Lembrei-me da canção de Vandré e dos ideais perdidos da geração de 1960 apenas por ser março e a primavera estar a começar, já tão parca de ideias novas e rebeliões duradouras, e ainda assim festiva de cores, flores e revoadas de andorinhas nos céus da cidade. Pareceu-me, por isso, o momento ideal para recordar a bela e arrebatadora história do senhor Kuroki – um japonês que, segundo as notícias, e se ainda for possível acreditar naquilo que se lê e vê, terá edificado um dos mais impressionantes monumentos românticos de todos os tempos, só comparável ao Taj Mahal (mas eu prefiro o jardim de shibazakura do senhor Kuroki).

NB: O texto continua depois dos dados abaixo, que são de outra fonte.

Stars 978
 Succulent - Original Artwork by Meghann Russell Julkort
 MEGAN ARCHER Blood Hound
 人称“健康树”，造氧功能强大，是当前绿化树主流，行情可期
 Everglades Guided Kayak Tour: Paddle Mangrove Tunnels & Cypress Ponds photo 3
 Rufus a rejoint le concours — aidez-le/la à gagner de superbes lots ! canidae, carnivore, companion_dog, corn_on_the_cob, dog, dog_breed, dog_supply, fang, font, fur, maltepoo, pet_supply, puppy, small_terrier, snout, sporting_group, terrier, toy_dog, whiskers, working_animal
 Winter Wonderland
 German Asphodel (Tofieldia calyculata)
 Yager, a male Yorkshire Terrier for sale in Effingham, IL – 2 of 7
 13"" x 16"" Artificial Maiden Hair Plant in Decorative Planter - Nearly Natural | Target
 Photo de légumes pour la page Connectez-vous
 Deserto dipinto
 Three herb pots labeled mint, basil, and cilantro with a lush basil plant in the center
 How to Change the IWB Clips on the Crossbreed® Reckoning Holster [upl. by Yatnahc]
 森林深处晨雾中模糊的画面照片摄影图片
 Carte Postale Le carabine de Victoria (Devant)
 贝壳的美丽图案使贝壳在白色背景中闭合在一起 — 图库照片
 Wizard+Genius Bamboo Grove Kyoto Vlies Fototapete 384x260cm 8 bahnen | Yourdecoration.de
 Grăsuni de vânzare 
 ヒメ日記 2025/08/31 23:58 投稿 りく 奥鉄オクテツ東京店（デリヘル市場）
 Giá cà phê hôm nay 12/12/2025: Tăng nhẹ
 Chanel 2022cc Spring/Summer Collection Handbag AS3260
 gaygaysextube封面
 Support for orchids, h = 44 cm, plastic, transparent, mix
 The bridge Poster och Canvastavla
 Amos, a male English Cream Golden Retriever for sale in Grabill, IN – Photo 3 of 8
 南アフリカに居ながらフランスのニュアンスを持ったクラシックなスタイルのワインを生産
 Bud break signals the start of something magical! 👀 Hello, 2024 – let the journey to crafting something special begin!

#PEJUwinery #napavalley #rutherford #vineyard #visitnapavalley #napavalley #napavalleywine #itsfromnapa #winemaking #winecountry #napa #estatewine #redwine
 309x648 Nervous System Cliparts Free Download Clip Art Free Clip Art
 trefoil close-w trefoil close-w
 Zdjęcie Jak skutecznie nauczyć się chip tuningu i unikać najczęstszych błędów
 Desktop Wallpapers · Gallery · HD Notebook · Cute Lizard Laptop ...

De acordo com o site www.rocketnews24.com, os Kuroki foram um banalíssimo casal de agricultores de Nyuuta até ao momento em que, aos 52 anos, a esposa perdeu a visão devido a uma complicação diabética. Ficou deprimida e isolou-se em casa. O senhor Kuroki dedicou os dois anos seguintes a plantar uma nuvem cor-de-rosa de flores em torno da casa da família. Assim que o perfume das flores lhe chegou ao nariz, a esposa voltou a sorrir e o casal dá agora belos passeios pelo caminho de terra entre os pés de shibazakura. Pode parecer uma coisa de nada, mas, no ano passado, entre o final de março e de abril, mais de sete mil pessoas visitaram o perfumado jardim dos Kuroki – não por se tratar de um espaço notável ou extravagante, mas apenas por ter na sua origem uma história de amor que enternece.

Será uma irrelevância. Mas comover-me é, cada vez mais, uma forma de resistir à brutalidade dos dias que passam.